## TASK DIRECTIONS
Look through the data below and extract, unchanged, the lines from the one that contains "Padlock Mini GG-Supreme" to the one that contains "Miniature<Oppressor Form Pose", both included.
+++ STORED DATA
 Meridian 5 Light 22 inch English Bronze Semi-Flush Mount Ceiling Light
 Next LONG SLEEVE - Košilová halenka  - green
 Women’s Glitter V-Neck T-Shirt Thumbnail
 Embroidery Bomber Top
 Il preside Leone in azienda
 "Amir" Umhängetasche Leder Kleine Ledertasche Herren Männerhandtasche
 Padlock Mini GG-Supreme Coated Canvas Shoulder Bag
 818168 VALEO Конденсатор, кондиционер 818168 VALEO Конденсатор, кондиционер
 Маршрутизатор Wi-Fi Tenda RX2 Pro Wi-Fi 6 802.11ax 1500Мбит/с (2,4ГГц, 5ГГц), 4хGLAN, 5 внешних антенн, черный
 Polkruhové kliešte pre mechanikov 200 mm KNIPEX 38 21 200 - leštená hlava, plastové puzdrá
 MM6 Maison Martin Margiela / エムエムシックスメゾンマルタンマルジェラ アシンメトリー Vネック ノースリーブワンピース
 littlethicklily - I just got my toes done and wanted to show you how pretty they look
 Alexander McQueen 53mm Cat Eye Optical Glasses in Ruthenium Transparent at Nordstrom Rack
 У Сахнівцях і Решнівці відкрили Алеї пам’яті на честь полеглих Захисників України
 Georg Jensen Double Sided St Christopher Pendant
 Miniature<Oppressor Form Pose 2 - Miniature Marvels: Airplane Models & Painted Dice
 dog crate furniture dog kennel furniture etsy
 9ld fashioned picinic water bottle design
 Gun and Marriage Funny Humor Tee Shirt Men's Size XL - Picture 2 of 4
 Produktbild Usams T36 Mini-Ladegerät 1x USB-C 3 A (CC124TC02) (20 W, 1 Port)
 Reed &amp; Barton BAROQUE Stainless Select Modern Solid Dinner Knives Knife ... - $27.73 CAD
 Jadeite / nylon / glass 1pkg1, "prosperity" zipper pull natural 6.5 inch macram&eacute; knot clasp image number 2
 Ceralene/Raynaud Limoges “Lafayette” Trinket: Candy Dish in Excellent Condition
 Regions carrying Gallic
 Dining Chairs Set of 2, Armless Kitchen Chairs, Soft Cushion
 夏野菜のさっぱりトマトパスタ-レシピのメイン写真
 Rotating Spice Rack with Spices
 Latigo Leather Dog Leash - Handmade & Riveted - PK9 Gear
++++++
## RESULT BELOW
 Padlock Mini GG-Supreme Coated Canvas Shoulder Bag
 818168 VALEO Конденсатор, кондиционер 818168 VALEO Конденсатор, кондиционер
 Маршрутизатор Wi-Fi Tenda RX2 Pro Wi-Fi 6 802.11ax 1500Мбит/с (2,4ГГц, 5ГГц), 4хGLAN, 5 внешних антенн, черный
 Polkruhové kliešte pre mechanikov 200 mm KNIPEX 38 21 200 - leštená hlava, plastové puzdrá
 MM6 Maison Martin Margiela / エムエムシックスメゾンマルタンマルジェラ アシンメトリー Vネック ノースリーブワンピース
 littlethicklily - I just got my toes done and wanted to show you how pretty they look
 Alexander McQueen 53mm Cat Eye Optical Glasses in Ruthenium Transparent at Nordstrom Rack
 У Сахнівцях і Решнівці відкрили Алеї пам’яті на честь полеглих Захисників України
 Georg Jensen Double Sided St Christopher Pendant
 Miniature<Oppressor Form Pose 2 - Miniature Marvels: Airplane Models & Painted Dice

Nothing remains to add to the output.